#DH2018 and #DH2019 Twitter Archive Counts. A Comparison


My interest in documenting the scholarly activity on Twitter using conference hashtags is not new; for the digital humanities I have been looking into it since 2010. Searching on this blog or googling related keywords may throw some results to those interested in background. I have been archiving conference hashtag archives for a while now, often depositing them as part of the scholarly record, blogging and giving workshops about my objectives and methdologies, etc.

I like sharing results in real time while conferences are taking place or shortly after. Therefore any results shared are always-already provisional, perfectible, and unfinished. I have always believed that a signal is better than no signal or having to wait 3 years for one, therefore I insist in sharing any quick insights that I can get rather than not sharing them at all or having to wait until I miraculously find the time to do it differently (which I am not likely to, so I’d rather take any opportunity I have to share something). Hopefully someone finds it helpful in some way.

Once again I have also been critical of the metrication of scholarly activitiy so the fact that I share quantitative data from the archives collected does not mean I think this metrication is always-already something to aspire to or that it means anything in particular. I see it as an ethnographic means to document the existence of scholarly activity on Twitter around academic conferences in specific fields, and perhaps as an entry point to assess academic and public engagement on Twitter with academic hashtags and the events they represent, and/or possibly any increase or decrease or transformations in this type of activity on Twitter. For example, it is possible to gain insights of Twitter user settings preferences, as in the case of the language users have set up, as I looked into this post on user_lang in #DH2018 tweets.

The Methods

The metrics compared here are the result of a double method of collection as a means to ensure the validity of the collected data. I used a Python script to collect both archives, and then set the parameters as those for archives I collected using TAGS (see Priego 2018). Even if the collected data still needs to be refined, when the counts are the same or very semilar I get a degree of certainty the data collected via TAGS from the Twitter Search API is close to being as reliable as it could be.

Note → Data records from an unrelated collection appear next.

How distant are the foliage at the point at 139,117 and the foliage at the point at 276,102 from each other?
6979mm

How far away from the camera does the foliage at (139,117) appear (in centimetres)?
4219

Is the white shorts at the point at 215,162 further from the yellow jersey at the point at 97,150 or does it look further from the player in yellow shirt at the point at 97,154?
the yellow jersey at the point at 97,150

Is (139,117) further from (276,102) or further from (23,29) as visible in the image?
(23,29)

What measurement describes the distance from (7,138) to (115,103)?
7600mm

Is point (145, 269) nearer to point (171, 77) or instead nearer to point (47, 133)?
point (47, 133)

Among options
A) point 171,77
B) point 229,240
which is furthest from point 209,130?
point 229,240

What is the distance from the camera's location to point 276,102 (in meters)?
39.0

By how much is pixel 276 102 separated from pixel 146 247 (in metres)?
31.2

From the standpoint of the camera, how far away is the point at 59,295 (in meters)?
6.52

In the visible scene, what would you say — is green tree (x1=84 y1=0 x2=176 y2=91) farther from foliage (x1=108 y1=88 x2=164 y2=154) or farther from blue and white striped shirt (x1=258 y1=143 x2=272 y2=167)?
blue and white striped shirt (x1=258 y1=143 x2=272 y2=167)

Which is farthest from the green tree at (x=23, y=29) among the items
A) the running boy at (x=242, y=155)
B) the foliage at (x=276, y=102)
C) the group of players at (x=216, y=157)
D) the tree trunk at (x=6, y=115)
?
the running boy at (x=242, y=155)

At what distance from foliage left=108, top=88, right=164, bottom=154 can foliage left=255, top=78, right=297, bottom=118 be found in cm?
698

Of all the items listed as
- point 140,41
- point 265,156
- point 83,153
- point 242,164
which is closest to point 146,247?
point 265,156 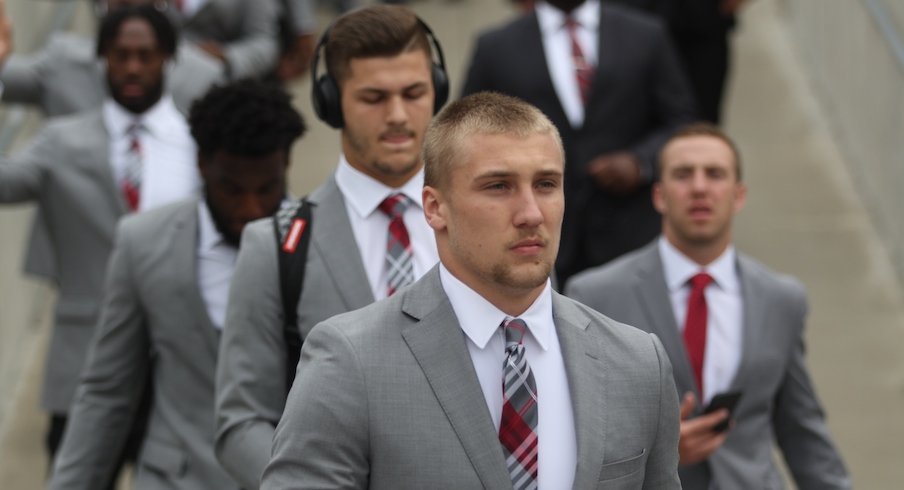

For 2018 and 2019 I managed to get the settings and timings right to achieve what looks like a complete set of #DH2018 and #DH2019 tweets. Below I share a comparative table where the main metrics can be compared. As indicated in the table, it must be noted that there are important differences in mainly a) the number of days before and after the conference days included in the archive and b) the number of days each conference was held on according to their respective web pages / programmes (I seem to remember the Mexico City conference had activities at least one day prior to the date indicated on the main web site but I may be misremembering- need to check).

The Basic Counts

Needless to say most interesting or useful insights from looking at these archives would be qualitative data and not necessarily quantitative data as the one presented here. The RTs and @ replies stats can give an indication of the level of interaction in between accounts, and the number of accounts tweeting with each hashtag each year could be seen as an indication of the interest in the conference or hashtag (this indication may be misguiding due to spamming or confusion due to hashtag overlap, and of course one would need to know which accounts are included and not included in each one).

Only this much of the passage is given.